Any who, I hope everyone is doing well. For all your Windermere girls I hope the move in to the new apartments goes well (Meg, enjoy my room!), Jordan and boys hope the new houses are going well, JJH enjoy the Mt. Pleasant Pier for me, congrats on your wedding Zach and Kristy wish I could have been there, Harley hope you’re behaving yourself and be glad you’re not a street dog here (my neighbor has a little black puppy of 8 weeks that is always crying and already has skin issues, I think I might steal him and name him Skippy after peanut butter which I miss very much.) Mom and Dad I hope the kitchen renovations are getting started, Jo eat some amazing cheesecake for me, good luck in school Eli! Miss you all so much, it’s definitely hard being away from everyone and wishing I could be there for all the fun events.
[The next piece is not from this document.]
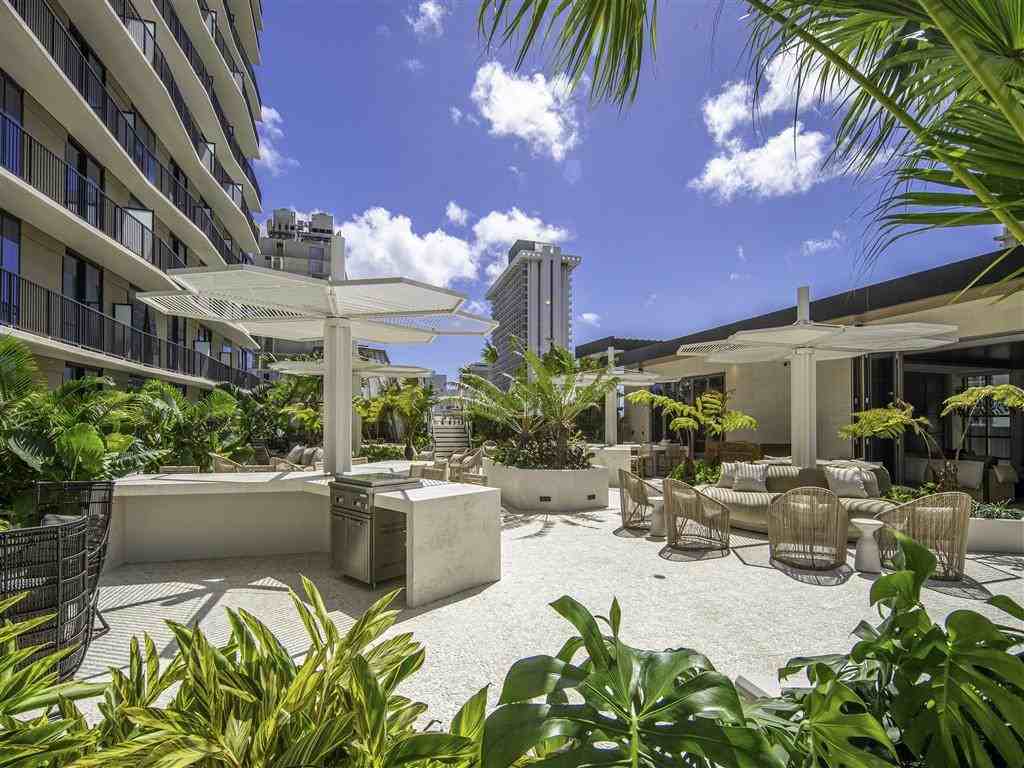 Lilia Waikiki - Photo 3 of 37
Being here and interacting with my family has definitely shown me things about my relationships with friends and family, how sometimes we all take family for granted. I’ve really started to realize that family is something that needs as much time and attention as friendships and relationships because those are the people who are there for you through and through (I love you family J). Miss everyone so much and hope to hear from you soon!!